The emergency mode is a mode in which, in a case where something unusual happens a user while moving with the user (for example, a case where the user falls), autonomous movement is performed to seek help from nearby people or nearby facilities in order to help the user. In addition to (or instead of) following and guiding as described above, the mobile object 100 may move while maintaining a moderate (neither too close nor too far) distance from the user.

The mobile object 100 is not limited to the above, and may be any object that a user can ride in, or may be, for example, a vehicle. The vehicle may be not only a four-wheeled vehicle, but also any vehicle that can move with three or two wheels. The vehicle may be capable of traveling on both a roadway and a sidewalk with a user on board.
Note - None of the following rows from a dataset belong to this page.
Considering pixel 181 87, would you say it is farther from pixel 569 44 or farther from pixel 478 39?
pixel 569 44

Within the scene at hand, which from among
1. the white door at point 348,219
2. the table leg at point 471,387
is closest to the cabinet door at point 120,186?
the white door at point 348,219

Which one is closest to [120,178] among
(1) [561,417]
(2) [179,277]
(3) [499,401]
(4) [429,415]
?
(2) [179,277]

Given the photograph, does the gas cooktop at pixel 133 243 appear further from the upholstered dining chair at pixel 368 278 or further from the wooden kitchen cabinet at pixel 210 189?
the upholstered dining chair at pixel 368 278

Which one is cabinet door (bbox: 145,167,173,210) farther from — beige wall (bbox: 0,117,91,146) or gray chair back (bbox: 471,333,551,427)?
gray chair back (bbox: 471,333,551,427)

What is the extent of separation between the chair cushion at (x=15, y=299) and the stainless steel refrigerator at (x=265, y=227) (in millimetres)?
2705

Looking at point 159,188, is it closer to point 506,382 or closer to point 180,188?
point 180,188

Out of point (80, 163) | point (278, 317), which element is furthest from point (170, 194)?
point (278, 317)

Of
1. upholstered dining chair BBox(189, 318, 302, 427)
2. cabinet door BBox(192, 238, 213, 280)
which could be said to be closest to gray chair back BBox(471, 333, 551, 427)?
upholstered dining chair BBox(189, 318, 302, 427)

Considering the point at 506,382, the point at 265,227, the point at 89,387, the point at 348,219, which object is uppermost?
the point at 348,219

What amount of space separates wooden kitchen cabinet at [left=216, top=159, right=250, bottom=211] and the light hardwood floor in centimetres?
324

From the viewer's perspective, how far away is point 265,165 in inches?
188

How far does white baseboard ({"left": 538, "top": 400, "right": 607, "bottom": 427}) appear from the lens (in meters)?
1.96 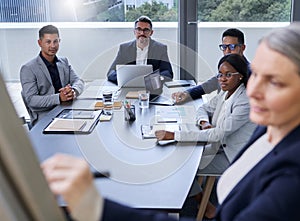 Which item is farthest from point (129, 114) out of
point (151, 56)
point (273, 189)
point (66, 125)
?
point (273, 189)

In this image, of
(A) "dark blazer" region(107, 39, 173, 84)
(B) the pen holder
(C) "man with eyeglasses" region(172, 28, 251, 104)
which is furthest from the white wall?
(B) the pen holder

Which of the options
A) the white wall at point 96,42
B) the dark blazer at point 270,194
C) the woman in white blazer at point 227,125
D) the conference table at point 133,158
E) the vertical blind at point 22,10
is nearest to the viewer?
the dark blazer at point 270,194

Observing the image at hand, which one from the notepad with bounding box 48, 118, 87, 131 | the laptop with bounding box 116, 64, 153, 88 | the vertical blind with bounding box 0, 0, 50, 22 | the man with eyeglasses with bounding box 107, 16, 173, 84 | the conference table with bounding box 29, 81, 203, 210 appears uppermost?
the vertical blind with bounding box 0, 0, 50, 22

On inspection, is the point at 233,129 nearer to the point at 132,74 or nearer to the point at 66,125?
the point at 66,125

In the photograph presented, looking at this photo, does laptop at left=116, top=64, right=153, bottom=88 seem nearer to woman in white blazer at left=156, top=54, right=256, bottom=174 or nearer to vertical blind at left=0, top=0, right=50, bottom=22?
woman in white blazer at left=156, top=54, right=256, bottom=174

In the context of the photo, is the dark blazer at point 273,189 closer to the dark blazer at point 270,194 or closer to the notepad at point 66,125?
the dark blazer at point 270,194

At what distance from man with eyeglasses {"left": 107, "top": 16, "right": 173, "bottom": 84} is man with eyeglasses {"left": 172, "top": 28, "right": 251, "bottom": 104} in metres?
0.59

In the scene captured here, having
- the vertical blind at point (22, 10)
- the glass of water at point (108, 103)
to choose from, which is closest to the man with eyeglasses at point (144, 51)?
the glass of water at point (108, 103)

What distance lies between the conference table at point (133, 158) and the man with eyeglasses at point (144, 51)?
1159 millimetres

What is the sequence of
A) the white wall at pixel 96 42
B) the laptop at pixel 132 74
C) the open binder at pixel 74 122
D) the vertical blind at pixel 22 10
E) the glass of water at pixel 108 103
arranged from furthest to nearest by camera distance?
the white wall at pixel 96 42
the vertical blind at pixel 22 10
the laptop at pixel 132 74
the glass of water at pixel 108 103
the open binder at pixel 74 122

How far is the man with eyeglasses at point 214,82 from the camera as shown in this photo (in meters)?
3.61

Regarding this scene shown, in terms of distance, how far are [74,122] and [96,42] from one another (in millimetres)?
2096

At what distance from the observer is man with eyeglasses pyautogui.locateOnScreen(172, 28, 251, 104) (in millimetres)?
3614

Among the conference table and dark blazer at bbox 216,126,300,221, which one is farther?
the conference table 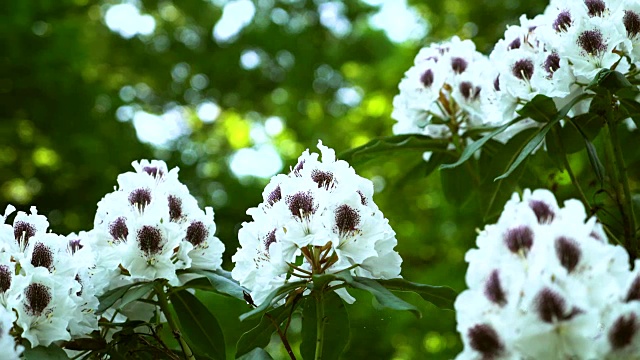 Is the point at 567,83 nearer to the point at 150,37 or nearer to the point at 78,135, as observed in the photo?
the point at 78,135

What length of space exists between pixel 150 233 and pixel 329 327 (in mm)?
299

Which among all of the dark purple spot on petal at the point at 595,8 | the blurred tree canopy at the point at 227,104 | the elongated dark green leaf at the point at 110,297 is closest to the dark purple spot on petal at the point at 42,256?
the elongated dark green leaf at the point at 110,297

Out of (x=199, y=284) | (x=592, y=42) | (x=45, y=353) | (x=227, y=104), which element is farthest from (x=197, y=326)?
(x=227, y=104)

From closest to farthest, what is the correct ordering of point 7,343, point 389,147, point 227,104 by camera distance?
point 7,343, point 389,147, point 227,104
FIG. 2 is a perspective view illustrating an example of the mobile object 100.

In the following description, the forward direction of the mobile object 100 is defined as a +x direction, the rearward direction of the mobile object 100 is defined as a −x direction, the leftward direction in the widthwise direction of the mobile object 100 with respect to the +x direction is defined as a +y direction, the rightward direction is defined as a −y direction, and the direction orthogonal to the x direction and the y direction, which is the height direction of the mobile object 100, is defined as a +z direction.
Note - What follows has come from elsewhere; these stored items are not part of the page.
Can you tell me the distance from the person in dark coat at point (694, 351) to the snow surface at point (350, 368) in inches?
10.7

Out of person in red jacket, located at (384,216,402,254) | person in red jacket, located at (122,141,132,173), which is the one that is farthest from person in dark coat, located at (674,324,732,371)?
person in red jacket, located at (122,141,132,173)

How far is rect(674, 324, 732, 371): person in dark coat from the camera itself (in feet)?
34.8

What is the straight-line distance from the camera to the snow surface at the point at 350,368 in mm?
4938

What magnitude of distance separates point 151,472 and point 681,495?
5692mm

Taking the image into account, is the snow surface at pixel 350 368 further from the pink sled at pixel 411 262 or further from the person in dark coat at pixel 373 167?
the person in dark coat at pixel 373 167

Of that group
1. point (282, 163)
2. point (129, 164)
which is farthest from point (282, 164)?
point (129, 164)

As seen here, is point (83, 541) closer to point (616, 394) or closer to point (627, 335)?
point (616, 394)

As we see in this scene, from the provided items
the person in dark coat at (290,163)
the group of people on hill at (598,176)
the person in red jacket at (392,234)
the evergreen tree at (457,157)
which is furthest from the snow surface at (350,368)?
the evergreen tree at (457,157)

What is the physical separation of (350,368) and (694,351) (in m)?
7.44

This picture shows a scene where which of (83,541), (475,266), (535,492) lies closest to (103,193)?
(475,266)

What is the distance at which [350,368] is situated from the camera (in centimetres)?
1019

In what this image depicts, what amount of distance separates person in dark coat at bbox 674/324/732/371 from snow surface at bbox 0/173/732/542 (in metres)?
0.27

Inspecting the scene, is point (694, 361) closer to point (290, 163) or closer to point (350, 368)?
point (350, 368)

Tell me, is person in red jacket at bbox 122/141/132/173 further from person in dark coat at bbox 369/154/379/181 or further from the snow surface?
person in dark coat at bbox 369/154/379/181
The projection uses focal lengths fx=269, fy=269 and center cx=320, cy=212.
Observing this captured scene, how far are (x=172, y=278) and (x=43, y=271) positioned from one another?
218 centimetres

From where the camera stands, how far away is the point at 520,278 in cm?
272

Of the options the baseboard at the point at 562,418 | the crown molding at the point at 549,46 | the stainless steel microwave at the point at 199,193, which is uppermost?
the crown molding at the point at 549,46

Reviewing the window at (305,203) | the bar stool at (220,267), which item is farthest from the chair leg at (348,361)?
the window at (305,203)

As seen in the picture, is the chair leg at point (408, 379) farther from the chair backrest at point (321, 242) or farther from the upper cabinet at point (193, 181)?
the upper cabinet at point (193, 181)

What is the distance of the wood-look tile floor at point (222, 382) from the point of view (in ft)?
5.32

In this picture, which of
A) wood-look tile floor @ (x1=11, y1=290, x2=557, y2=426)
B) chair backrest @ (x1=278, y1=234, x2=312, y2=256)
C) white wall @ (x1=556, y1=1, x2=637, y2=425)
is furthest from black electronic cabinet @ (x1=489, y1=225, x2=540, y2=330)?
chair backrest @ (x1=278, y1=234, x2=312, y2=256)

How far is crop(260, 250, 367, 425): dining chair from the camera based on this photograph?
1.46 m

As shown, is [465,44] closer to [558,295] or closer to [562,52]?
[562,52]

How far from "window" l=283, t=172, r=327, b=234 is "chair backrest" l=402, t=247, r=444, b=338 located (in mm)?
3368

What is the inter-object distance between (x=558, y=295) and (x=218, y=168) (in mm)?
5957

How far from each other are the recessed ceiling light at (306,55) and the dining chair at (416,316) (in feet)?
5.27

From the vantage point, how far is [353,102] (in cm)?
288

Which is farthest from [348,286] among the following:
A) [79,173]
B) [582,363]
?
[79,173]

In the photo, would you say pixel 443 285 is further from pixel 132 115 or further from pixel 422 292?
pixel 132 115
The mobile object 100 includes, for example, a base body 110, a door portion 112 provided on the base body 110, and wheels (a first wheel 120, a second wheel 130, and a third wheel 140) assembled to the base body 110. For example, a user can open the door portion 112 to put baggage into a storage compartment provided in the base body 110 or extract the baggage from the storage compartment. The first wheel 120 and the second wheel 130 are driving wheels, and the third wheel 140 is an auxiliary wheel (driven wheel). The mobile object 100 may be capable of moving using a configuration other than wheels, such as a caterpillar.
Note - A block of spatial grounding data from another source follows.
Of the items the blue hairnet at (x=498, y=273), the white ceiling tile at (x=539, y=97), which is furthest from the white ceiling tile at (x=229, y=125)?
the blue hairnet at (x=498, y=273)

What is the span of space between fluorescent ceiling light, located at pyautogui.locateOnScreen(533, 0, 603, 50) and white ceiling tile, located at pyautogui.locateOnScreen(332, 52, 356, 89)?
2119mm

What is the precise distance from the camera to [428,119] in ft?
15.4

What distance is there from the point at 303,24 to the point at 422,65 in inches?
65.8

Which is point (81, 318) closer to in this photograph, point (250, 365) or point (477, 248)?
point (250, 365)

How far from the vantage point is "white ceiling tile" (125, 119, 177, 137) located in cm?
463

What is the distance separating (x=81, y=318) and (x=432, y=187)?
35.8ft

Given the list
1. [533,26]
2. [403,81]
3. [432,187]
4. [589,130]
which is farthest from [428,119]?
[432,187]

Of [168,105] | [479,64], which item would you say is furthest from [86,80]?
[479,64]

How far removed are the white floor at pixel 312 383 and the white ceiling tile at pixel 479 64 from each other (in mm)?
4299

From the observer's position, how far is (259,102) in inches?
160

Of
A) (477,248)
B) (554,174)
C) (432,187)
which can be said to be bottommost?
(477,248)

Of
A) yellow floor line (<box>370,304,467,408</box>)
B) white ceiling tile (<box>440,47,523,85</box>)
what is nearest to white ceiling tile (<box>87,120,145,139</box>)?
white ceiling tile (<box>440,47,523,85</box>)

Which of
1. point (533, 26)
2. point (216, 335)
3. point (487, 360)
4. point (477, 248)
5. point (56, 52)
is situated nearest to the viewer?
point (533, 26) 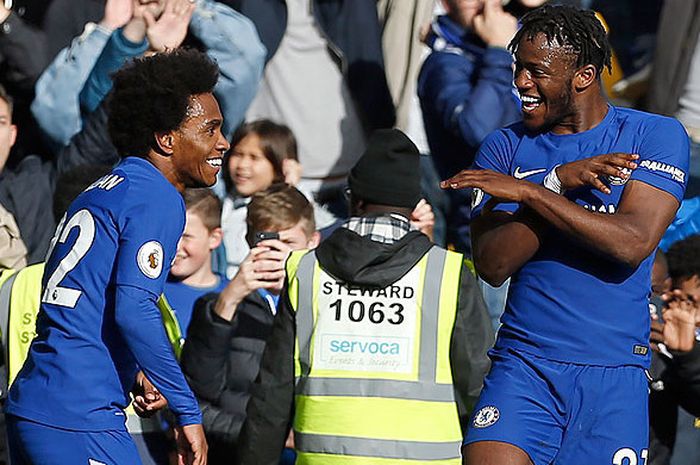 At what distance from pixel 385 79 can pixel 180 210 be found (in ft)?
12.7

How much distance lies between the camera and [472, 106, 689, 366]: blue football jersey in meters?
5.43

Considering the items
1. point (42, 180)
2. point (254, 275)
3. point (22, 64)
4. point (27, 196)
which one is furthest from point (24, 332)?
point (22, 64)

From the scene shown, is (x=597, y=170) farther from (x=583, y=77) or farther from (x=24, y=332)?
(x=24, y=332)

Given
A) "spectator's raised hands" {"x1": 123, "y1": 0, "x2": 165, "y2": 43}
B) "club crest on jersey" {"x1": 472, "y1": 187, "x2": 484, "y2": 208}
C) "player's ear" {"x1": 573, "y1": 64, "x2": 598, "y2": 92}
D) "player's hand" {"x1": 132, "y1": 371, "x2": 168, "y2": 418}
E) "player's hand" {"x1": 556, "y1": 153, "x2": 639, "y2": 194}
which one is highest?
"player's ear" {"x1": 573, "y1": 64, "x2": 598, "y2": 92}

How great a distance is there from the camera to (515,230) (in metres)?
5.45

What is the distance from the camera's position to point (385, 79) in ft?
30.0

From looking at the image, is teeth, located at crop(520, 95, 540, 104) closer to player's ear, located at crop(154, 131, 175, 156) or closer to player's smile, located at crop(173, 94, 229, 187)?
player's smile, located at crop(173, 94, 229, 187)

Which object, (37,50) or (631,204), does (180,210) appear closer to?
(631,204)

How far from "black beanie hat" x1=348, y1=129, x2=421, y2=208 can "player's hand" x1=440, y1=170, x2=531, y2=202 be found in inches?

A cylindrical support 150 extending in the +z direction is provided on the surface of the base body 110 in the +z direction. The camera 180 that captures images of the vicinity of the mobile object 100 is provided on the end of the support 150 in the +z direction. The position at which the camera 180 is provided may be any position different from the above.

The camera 180 is, for example, a camera capable of capturing images of the vicinity of the mobile object 100 at a wide angle (for example, 360 degrees). The camera 180 may include a plurality of cameras. The camera 180 may be realized by a combination of, for example, a plurality of 120-degree cameras or a plurality of 60-degree cameras.

FIG. 3 is a block diagram illustrating an example of a functional configuration the mobile object 100.

In addition to the functional configuration shown in FIG. 2, the mobile object 100 includes a first motor 122, a second motor 132, a battery 134, a brake device 136, a steering device 138, a communication unit 190, and the control device 200. The first motor 122 and the second motor 132 are operated by electric power supplied from the battery 134. The first motor 122 drives the first wheel 120. The second motor 132 drives the second wheel 130. The first motor 122 may be an in-wheel motor provided on the wheel of the first wheel 120. The second motor 132 may be an in-wheel motor provided on the wheel of the second wheel 130.

The brake device 136 outputs a brake torque to each of the first wheel 120 and the second wheel 130 on the basis of an instruction from the control device 200. The steering device 138 includes an electric motor. The electric motor, for example, changes the direction of the first wheel 120 or the second wheel 130 by causing a force to act on a rack and pinion mechanism on the basis of the instruction from the control device 200 to change the course of the mobile object 100.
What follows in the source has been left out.